Serabi Mining (SRB, 1.5p / £2m)
Serabi delivered some encouraging news about its Brazilian gold mining operations in its recent investor update. We have previously commented on the company’s need for more capital in order to execute on its strategy of developing further mines in the region. Without access to capital Serabi is unable to fully utilise its current assets and potential. To justify the required investments in infrastructure it must reach economies of scale that can only be accomplished from a much larger operation, hence the need to establish a larger resource and reserve base. The good news is that, while the company is awaiting funding, the profit from the current surface operations more than covers its expenses. There’s even enough cash left over to fund a small surface drilling programme to keep the operations going. Sooner or later investors may realise that backing Serabi’s ambitions for regional expansion could yield a significant return.
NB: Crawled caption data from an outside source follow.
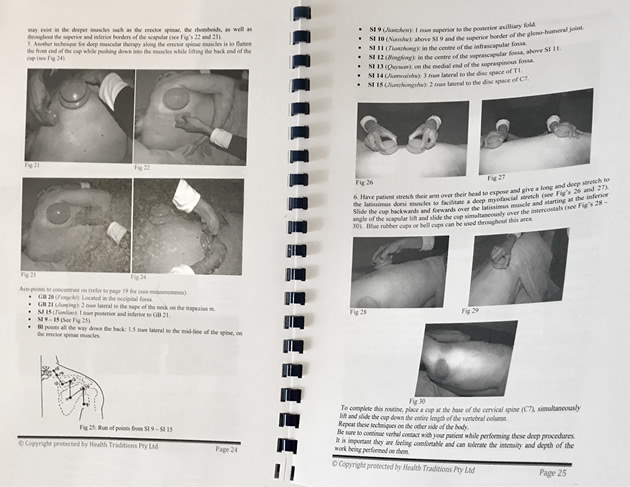 Modern Cupping Therapy workbook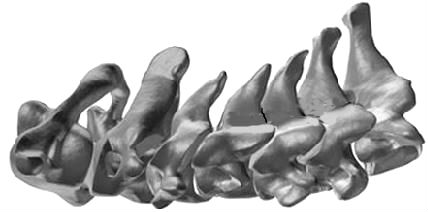 cervical vertebrae human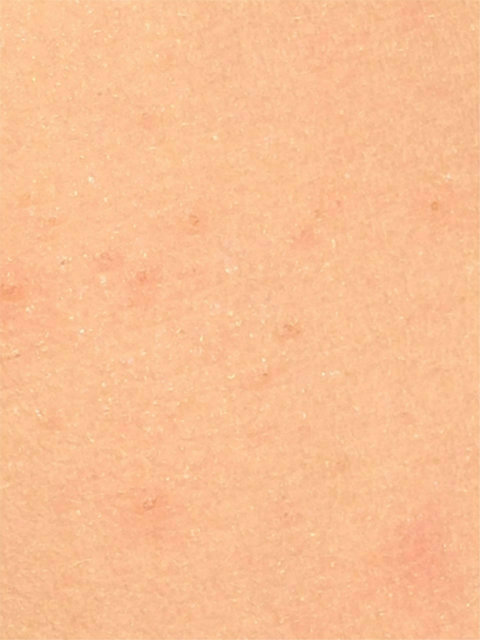 Two treatments is all it took to kill off this molluscum virus skin infection. Dead molluscum bumps after only two treatments.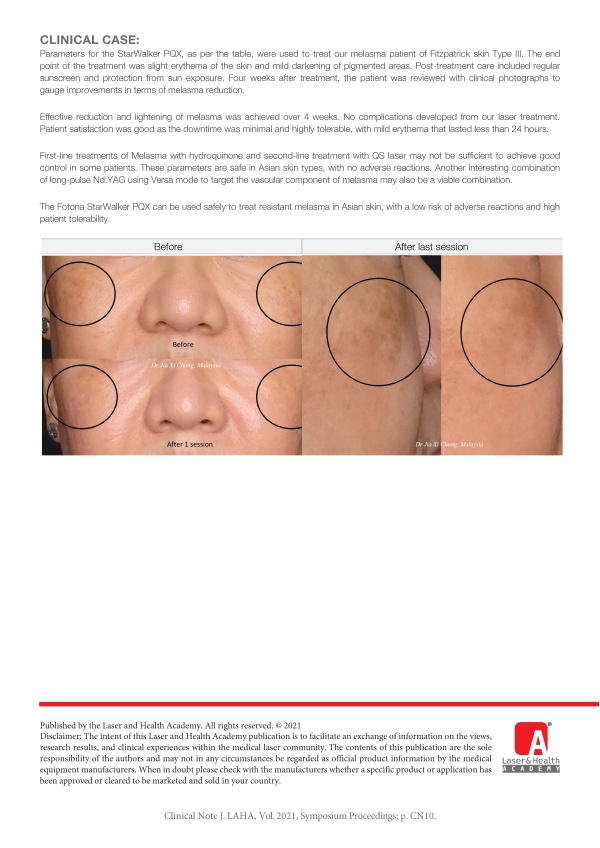 Melasma Management with Picosecond Laser in Asian Skin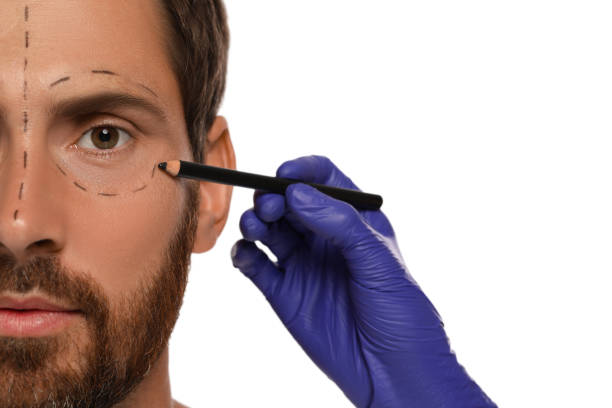 istock Doctor with pencil preparing patient for cosmetic surgery operation on white background, closeup 1817201798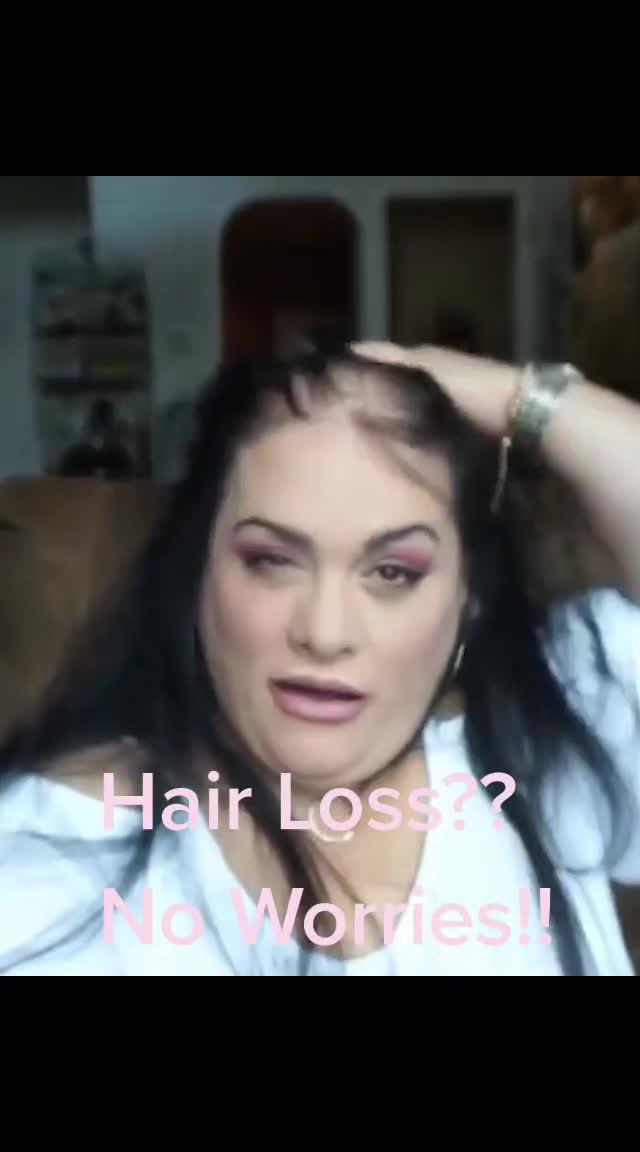 We help women All over the world that experience Hairloss! Shop link in the bio!#hairloss #thinninghair #hairtopper #hairtransform #alopeciaareata #hairtoppers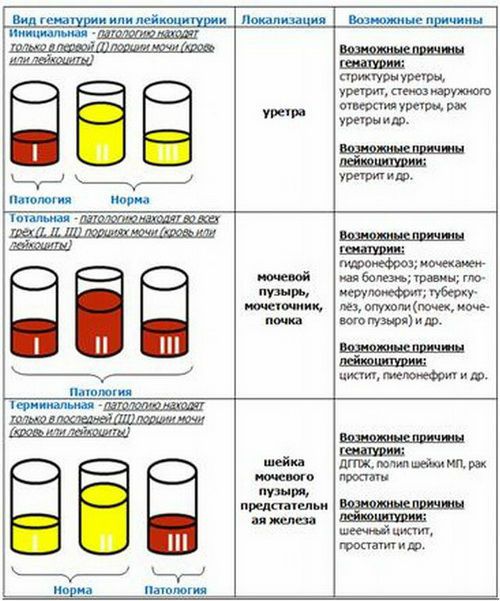 Гной в моче: причины у женщин, диагностика у ребенка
Sinclair Pharma (SPH, 26.5p / £27.4m)

We have written before on this specialty pharma that focuses on dermatology, oral care and gynaecology. This week it announced the launch of Sebclair in the US with the mighty Dr
Reddy’s Laboratories. Sinclair is now selling seven products in the US, with more to come later this year. Sebclair, its treatment for seborrheic dermatitis, has been launched under the brand name of Promiseb Cream. In clinical trials, it has shown a very good safety profile, with no restrictions on age, duration of use or application on the face. Seborrheic dermatitis, or dandruff or cradle cap, depending on your age and what part of the body is affected, is a common skin condition and there is a huge market, in terms of creams, shampoos and topical remedies, for such complaints. Sebclair is going into a market that needs improved product without the side-effects that steroids cause. Sinclair has a strong pipeline and we believe that we will see at least double-digit organic growth in the 2010 financial year, with more to come on top from new products. Expect further deals and product launches.

StatPro (SOG, 98.5p / £58.7m)

Software group StatPro announced sparkling half-year results this week, with profits up 63 per cent to £3.2m (after adjusting for one-off exceptional items) on revenues up 19 per cent to £15.5m. The group sells “software as a service” to asset managers such as fund managers, pension funds, private banks and hedge funds enabling them to monitor and control risk across various asset classes. Key drivers of the growth are the recovery in the performance of asset managers, new financial products, increased regulation and low interest rates. These drivers are causing the asset managers to seek flexible and cost-efficient solutions. The software as a service model involves StatPro hosting on its own servers the software and data used by its clients in return for recurring revenues. Currently the company has £28m of annualised recurring revenues with 80 per cent secured for more than one year. Market opportunities abound and, as StatPro’s marginal costs of additional contracts remains low, there’s scope for significant margin enhancement. Management gave an assured presentation to City analysts this week, so we see this as a good growth story with limited downside risk. Pro’s that are hardly static, then.

*A corporate client of Hybridan LLP

The Hybridan Small Cap Wrap is a weekly review of some of the most interesting small cap stories of the past week.  Our review will usually be of those companies whose market capitalisations are less than £50m although we may occasionally cover larger companies.